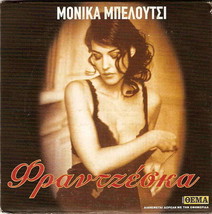 Francesca LA RIFFA Monica Bellucci Giulio Scarpati R2 DVD Italian Only-
show ... - £11.97 GBP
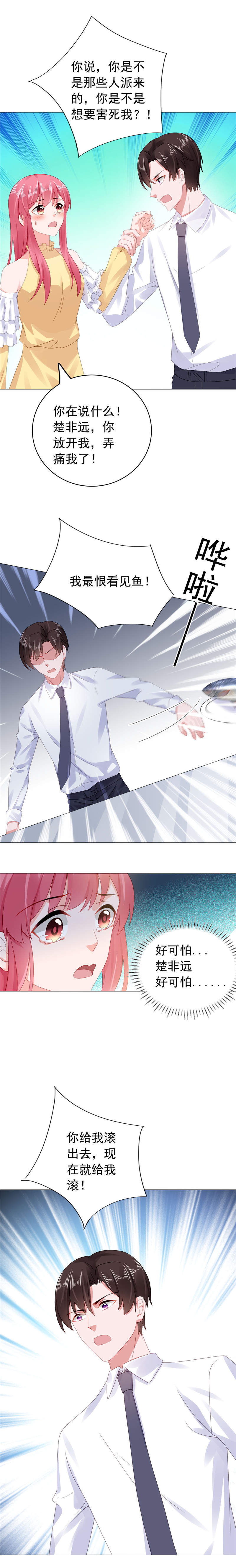 宠婚来袭漫画,第38章：楚非远好可怕4图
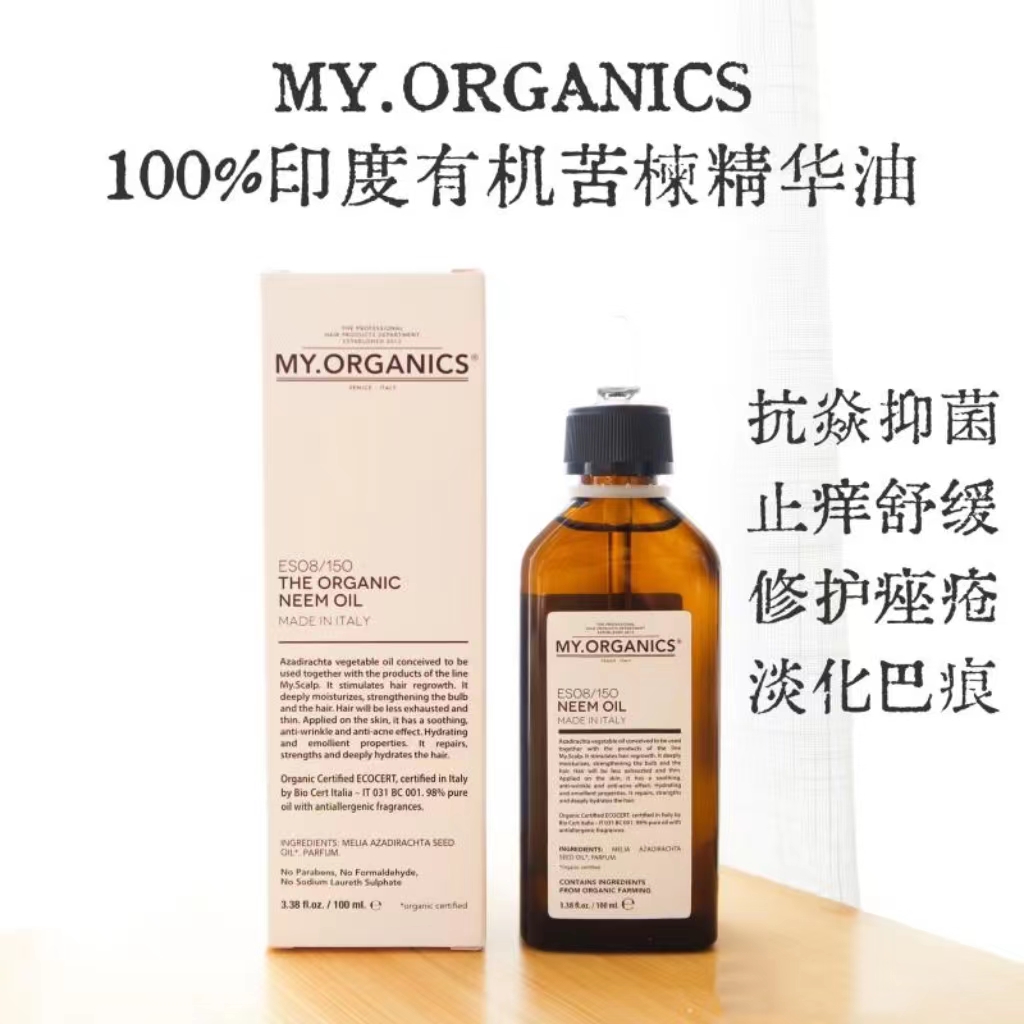 章小蕙my organics 有机楝树油印度苦楝精华头皮精油消炎祛痘发油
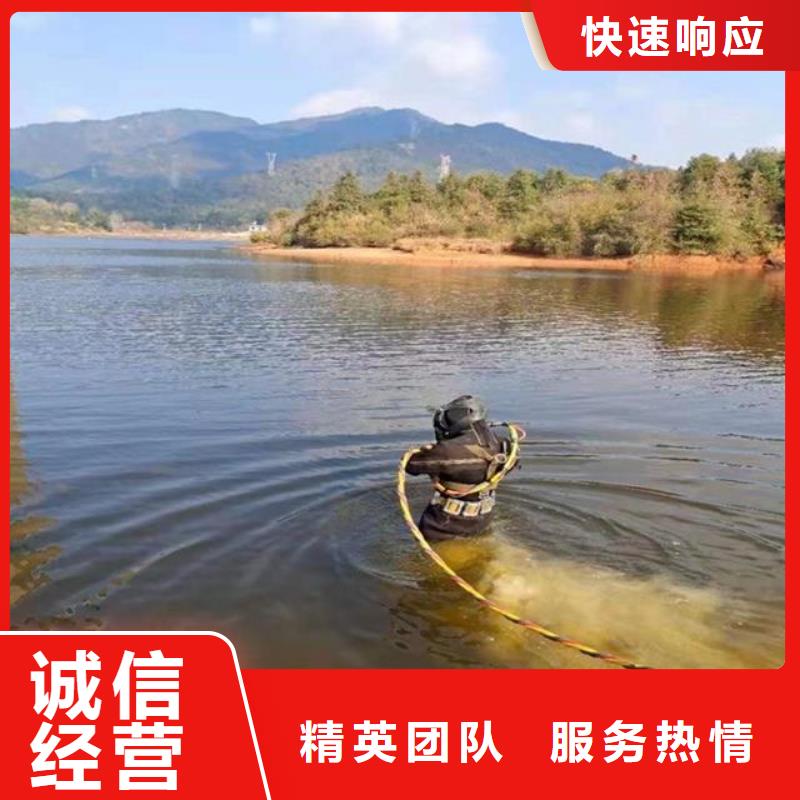 水下检测公司全国施工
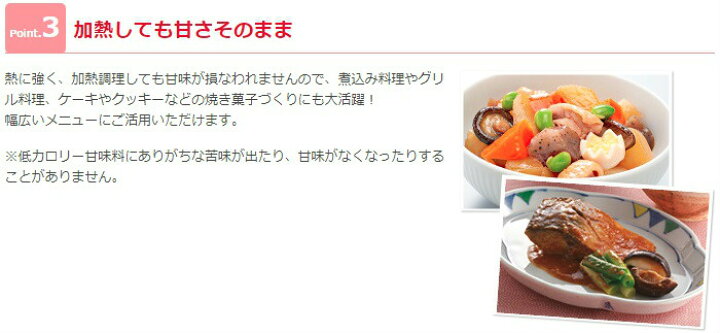 市場】自然派甘味料 ラカントS 顆粒 800 g 甘味成分 100%植物由来 カロリー0 糖類0 人工甘味料不使用 摂取カロリーを制限されている方に : 介護もーる 介護用品専門店 市場】自然派甘味料 ラカントS 顆粒 800 g 甘味成分 100%植物由来 カロリー0 糖類0 人工甘味料不使用 摂取カロリーを制限されている方に : 介護もーる 介護用品専門店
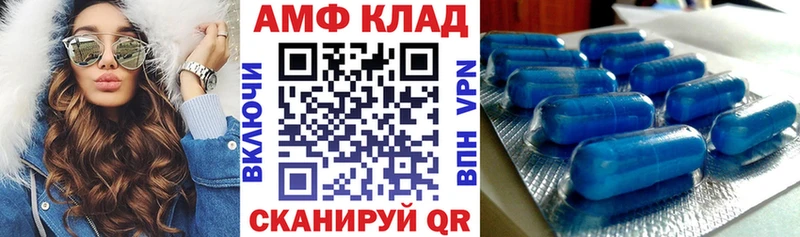 shop как зайти  Ахтубинск  АМФЕТАМИН 98%  где найти  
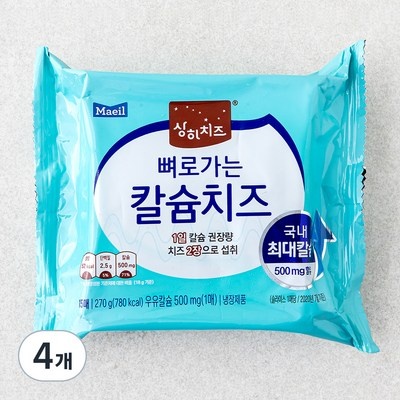 경제적인 어린이고칼슘치즈 인기 정보 상위 8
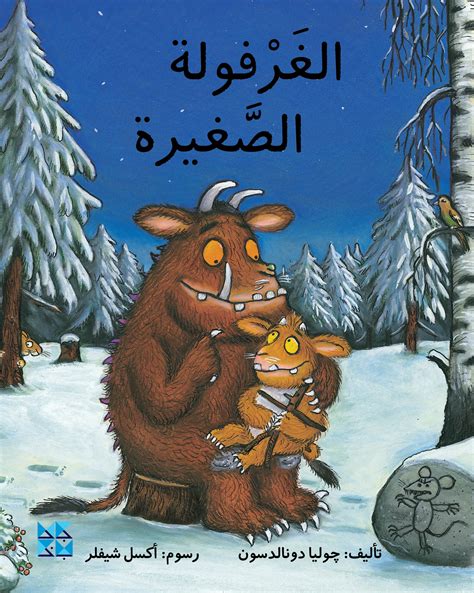 The Gruffalo's Child: A Charming Tale of Curiosity and Courage – HBKU Press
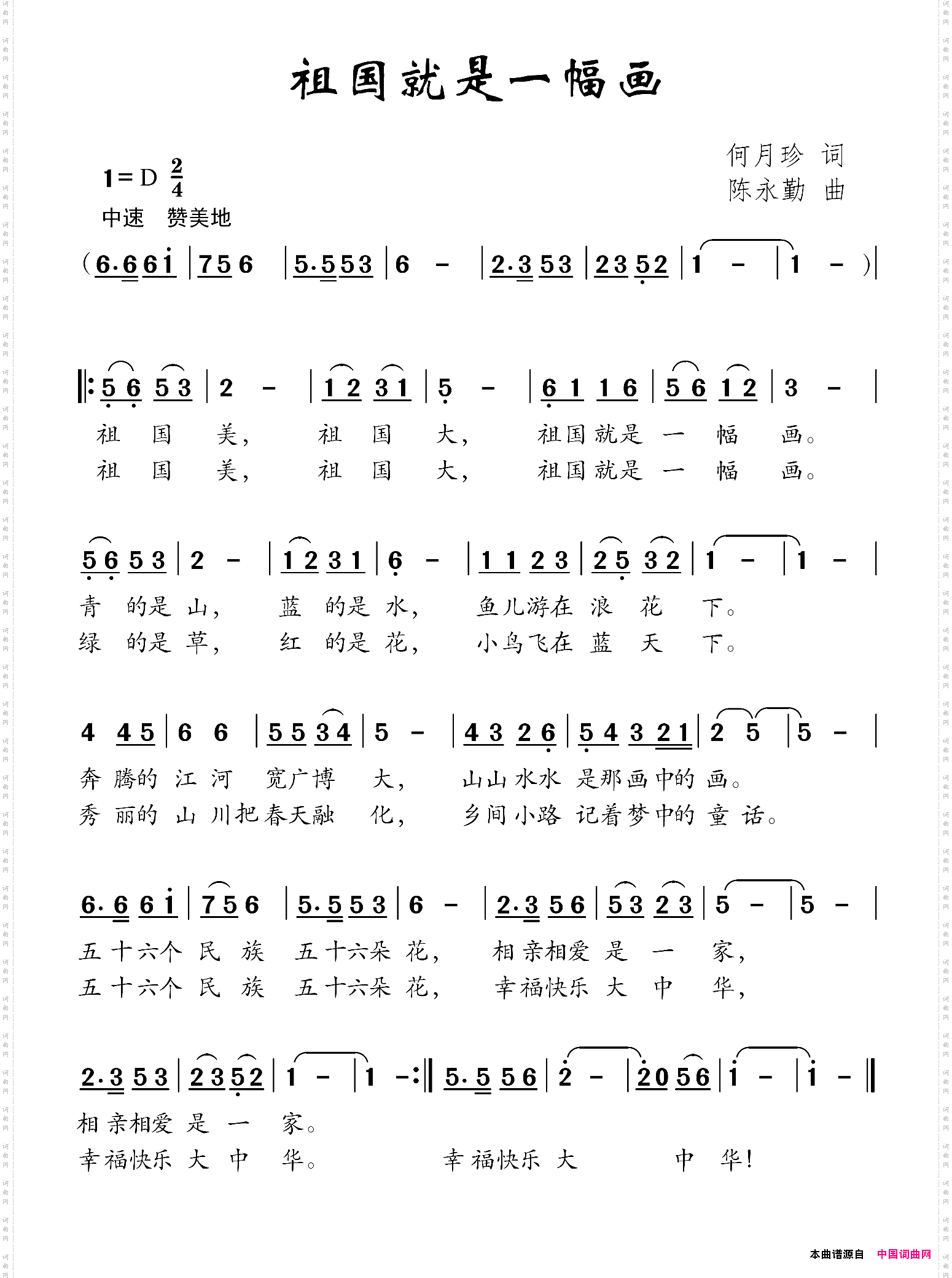 祖国就是一幅画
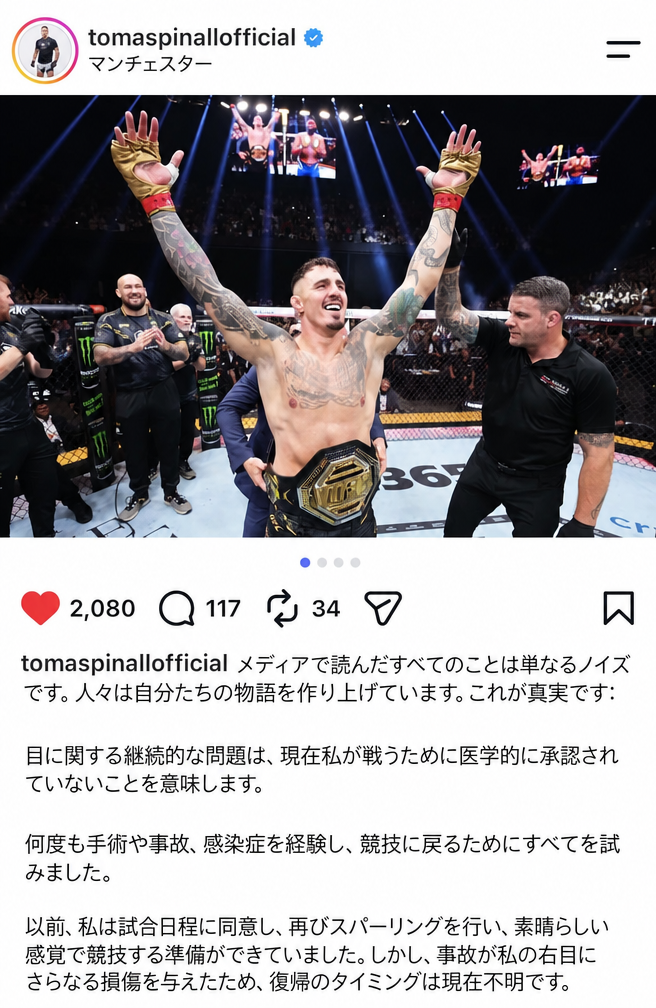 UFCヘビー級王者トム・アスピナルのインスタグラム投稿文のスクリーンショット（1部）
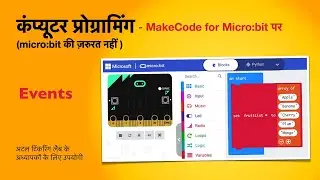 Computer Programming (in Hindi) with MakeCode for Micro:bit - EVENTS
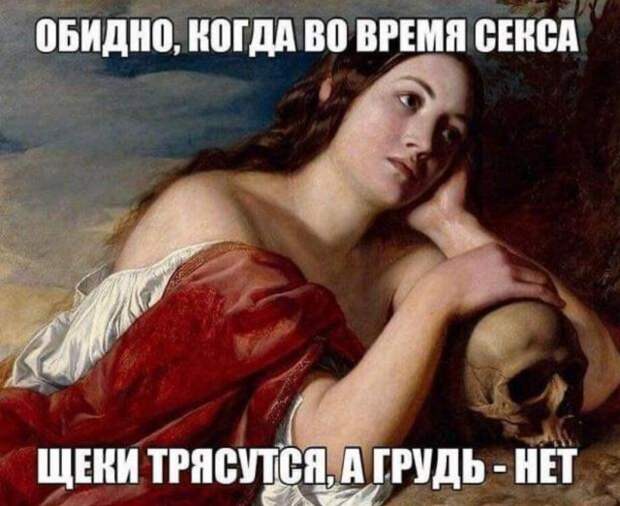 Юмор на любителя Юмор на любителя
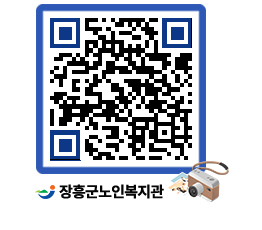 노인복지관 QRCODE - 이달의 일정 페이지 바로가기 (http://www.jangheung.go.kr/senior/41srha@)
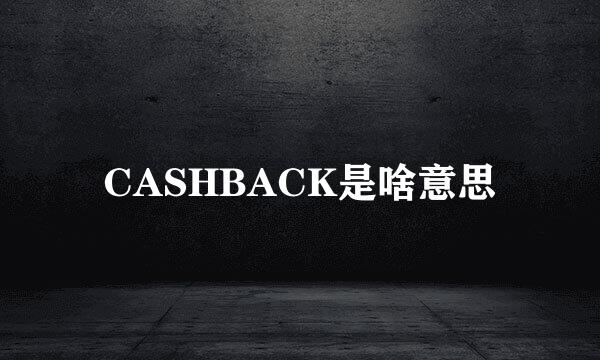 CASHBACK是啥意思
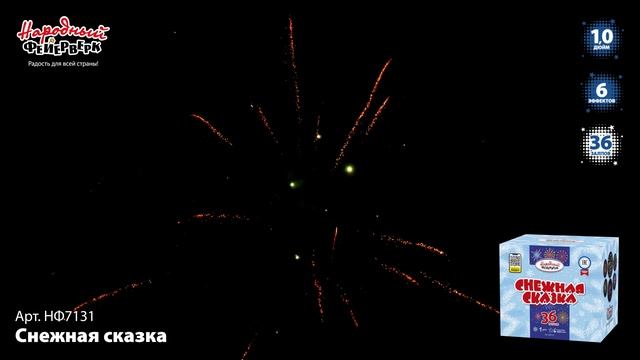НФ7131 Снежная сказка ФЕЙЕРВЕРК КАЛИБР 1 ЗАЛПОВ 36 смотреть онлайн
━━━━━━
Task requirements: Once the line containing "CASHBACK是啥意思" is found, transcribe it and the rest of the lines to the end of the listing above exactly, omitting all pictures.

Task answer:
 CASHBACK是啥意思
НФ7131 Снежная сказка ФЕЙЕРВЕРК КАЛИБР 1 ЗАЛПОВ 36 смотреть онлайн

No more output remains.